# Chainsaw Won't Start



## IngyHere (Aug 31, 2003)

Hello -- Today my saw started acting funny, and now it won't start. The saw is an old McCulloch Eager Beaver 2.0 (model 130Y). I had recently got it working again after it sat for a long time. I cut about five trees when the saw started to idle really fast, i.e. the chain would spin at idle. So I figured I'd adjust the carburetor. I adjusted the screws a little until I thought it ran better and the idle was down. Then after a little while the saw stopped running altogether. I can get it to kick over for about 10 secs but it won't stay running and feels pretty rough. Since I am an experienced auto mechanic I just picked up this Exxon two-stroke oil at the local parts store. That is what I have been using in the tank at a 50:1 ratio with 89 octane gas. THe engine just feels to me like it is not getting gas really well but I've got no idea. I tried, by the way, adjusting the mixture with instructions at this URL: http://www.madsens1.com/sawtune.htm . There are three screws on this saw: idle, hi and low. Please help me fix my Mac saw ... I just bought a new bar and chain. Thanks.


----------



## Ryan Willock (Aug 31, 2003)

Did you check the fuel filter? How bout the fuel line? Spark plug?


----------



## IngyHere (Aug 31, 2003)

> _Originally posted by Ryan Willock _
> *Did you check the fuel filter? How bout the fuel line? Spark plug? *



Good starting points, thanks. I changed the plug, but it didn't change anything. As far as the fuel filter, I don't know what it should look like or how it should flow. But I had the tank out a few days ago and there was fuel dripping from the filter opening/connector. The fuel line was hooked up a few days ago so I don't know why it would not be hooked up now, but I could check ... Is there something else I should be looking for where the fuel line is concerned? Thanks.


----------



## Stumper (Sep 1, 2003)

The sudden change to an overly fast idle indicates fuel starvation Possible causes would include: low fuel, clogged fuel filter,overheating (causing fuel vaporzation and partial vapor lock), blocked fuel tank vent, cracked fuel line, internal blockage of carburater passages, an air leak.....
Start with the obvious. let it cool and fill the tank.
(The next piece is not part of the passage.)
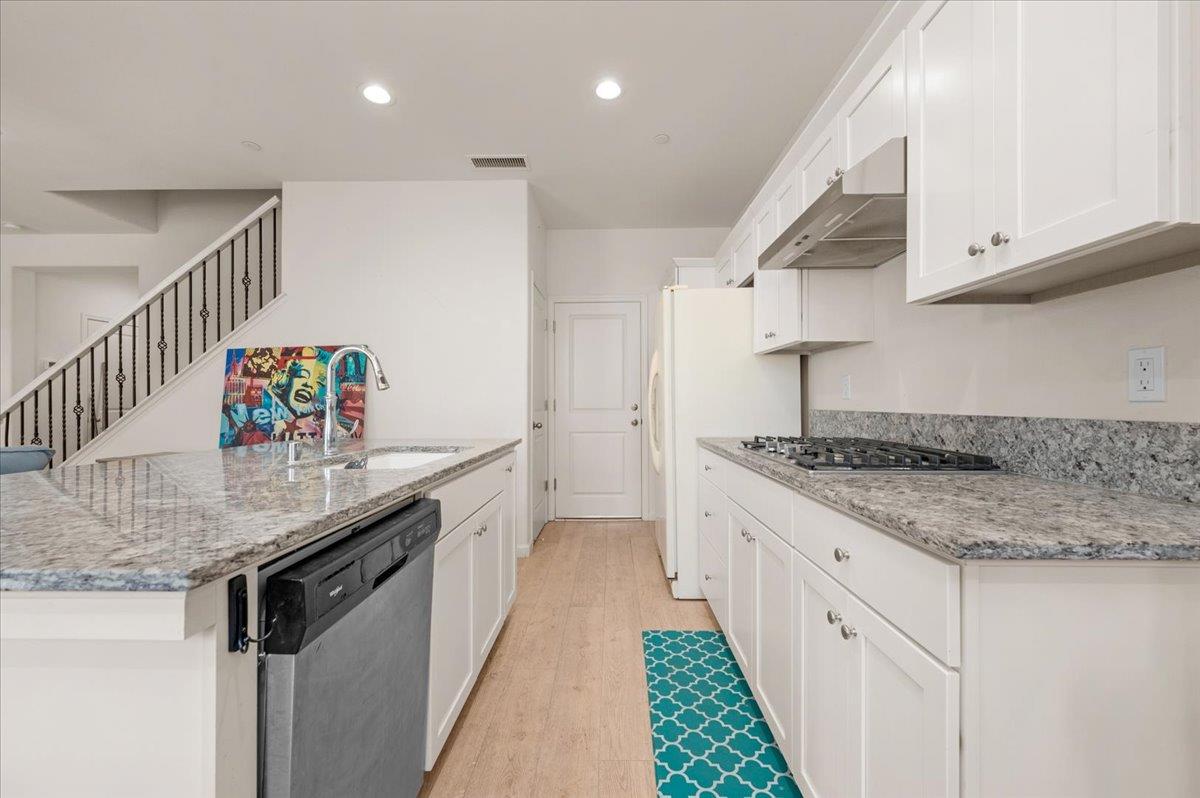 6317 N Alta Vista Ln, Fresno, CA 93722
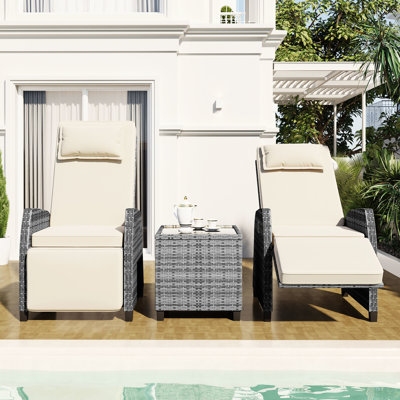 Deux avec table basse réglable - Structure en acier galvanisé Transformez votre cour, votre piscine, votre balcon en une combinaison de sanctuaire confortable et élégante Profitez d'un moment de détente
Since you adjusted the carb just before the problem if it doesn't start I would return the carb to initial settings- (1and 1/8 turns open on both high and low sides should get you started.) If it still won't start I would pull the fuel filter and check the fuel line. Pull the spark plug and check it. Still no good? I 'd disassemble the carb.Start easy and work through before you get into more complicated stuff.


----------



## tony marks (Sep 1, 2003)

what it mite be if it were me. 
after it ran a while ,it opened an air leak,
making it run leaner. u adjusted it and the mix is to rich. mabe.
second choice the fuel flow became restricted as junk got caught in the filter.
less fuel ,same air ,makes it run faster.
u adjusted the air and now the crud has started desolving and freeing up the fuel flow. reset your settings.
now these are ideas from one not overly experienced in repairs. 
last u need to check your fuel lines for cracks,,also diaphram needs possible replaceing.
what we will hope, is that it didnt get into hard cut while running to lean. 
dont guess i have to tell u what that mite do. good luck. theres plenty of real fixit knowledge here, so they might ,be willing to talk u thru it.good luck.


----------



## sonny (Sep 1, 2003)

My 1st question would be , How long was it in storage & did it still have fuel in it when it was parked ?


----------



## IngyHere (Sep 1, 2003)

> _Originally posted by sonny _
> *My 1st question would be , How long was it in storage & did it still have fuel in it when it was parked ? *



It was stored for about 5 years. I started it once with the old fuel. Then I decided to take the saw apart and clean up the case, replace the air filter, etc. I emptied the fuel when I had the tank out. I also blew some gumout carb cleaner through the filter and through the carburetor butterfly valve. I did not take the carburetor off as the engine seemed to run OK beforehand. I replaced the fuel with a mix of 50:1 Exxon multi-purpose 2-stroke oil and 89 octane gas. After that it ran fine for awhile before it started having problems. Thanks for your help.


----------



## John in MA (Sep 1, 2003)

The carb diaphragms probably are dried out, even if that's not the total cause of the problem. I'd rebuild it before I do anything else.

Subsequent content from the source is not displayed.